Parents of armed man killed during Vegas protest sue police
LAS VEGAS (AP) — The parents of an armed and armor-wearing man who was shot and killed by Las Vegas police during a racial justice protest in front of a U.S. courthouse have filed a federal wrongful death and negligence lawsuit seeking damages from the police department and four officers.
The court filing says Jorge A. Gomez, 25, was shot 19 times late June 1 outside the downtown Lloyd George U.S. Courthouse.
Attorneys Rodolfo Gonzalez and Edgar Flores, who filed the complaint, did not immediately respond Wednesday to a request for comment. The lawsuit was filed Saturday in U.S. District Court in Las Vegas, seeking unspecified damages from the department on behalf of Jeanne Llera of Osceola, Florida, and Jorge L. Gomez of Las Vegas.
The filing acknowledges Gomez was armed, asserts that he was lawfully exercising his Second Amendment gun rights, and says he wore a ballistic vest “not in violation of Nevada state law.”
Gomez never verbally threatened officers, the document said, never pointed a gun at anyone and never fired or tried to fire his weapon.
Police Officer Aden Ocampo-Gomez declined to comment for the department. He referred questions about the incident to video of a police briefing with media held June 5.
Gomez’s slaying occurred amid protests in Las Vegas calling for racial justice following the police killing of George Floyd in Minneapolis.
It happened the same night and minutes after, but about 3 miles (4.8 kilometers) away from, where Police Officer Shay Mikalonis was critically wounded by a gunshot on the Las Vegas Strip. A 20-year-old man was arrested and faces multiple felony charges in Mikalonis’ shooting. The officer remains paralyzed.
Police said Gomez was dressed in black tactical gear and carried three handguns, including one mounted in what Assistant Clark County Sheriff Chris Jones called a “carbine conversion kit” that made it resemble a rifle.
Gomez was among people who remained near the courthouse several hours after protests began when police ordered demonstrators to disperse. He was hit several times by five police beanbag projectiles before he was fatally shot. Jones said Gomez raised a gun toward officers helping another officer on the ground.
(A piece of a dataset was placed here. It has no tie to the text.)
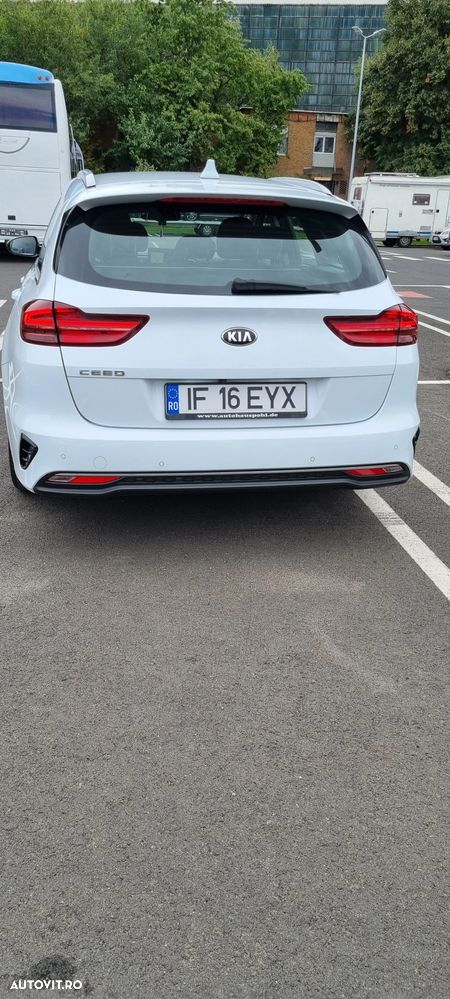 Kia Ceed 1.6 CRDi Platinum Edition - 4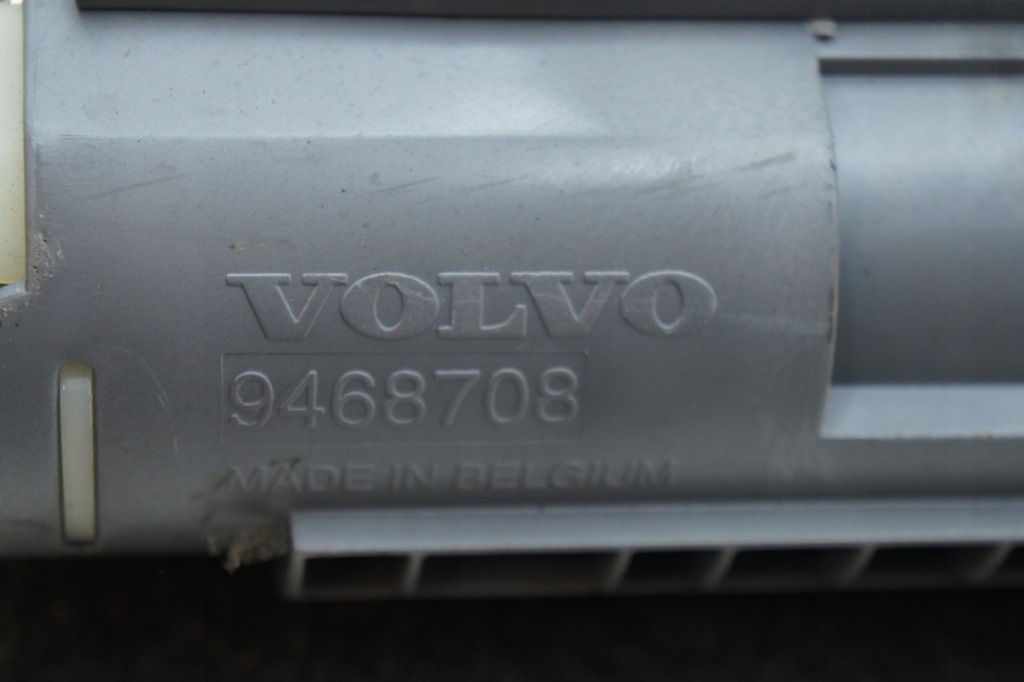 фото №7, Шторка шторка багажник volvo s80 обшивка багажника оригінальний номер 9468708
Surveillance cameras were active around the courthouse, but the officers involved in the shooting were not wearing body cameras because they were from an administrative training bureau, police said.
Jones said they were driving to the scene of Mikalonis’ shooting when they encountered Gomez running near the courthouse after being hit by beanbag shots.
Family members and their attorneys have said they’ve only seen short clips of video that police provided of the fatal encounter, and asked for witnesses to provide cellphone video.
This story corrects the title Assistant Clark County Sheriff Chris Jones, not deputy police chief.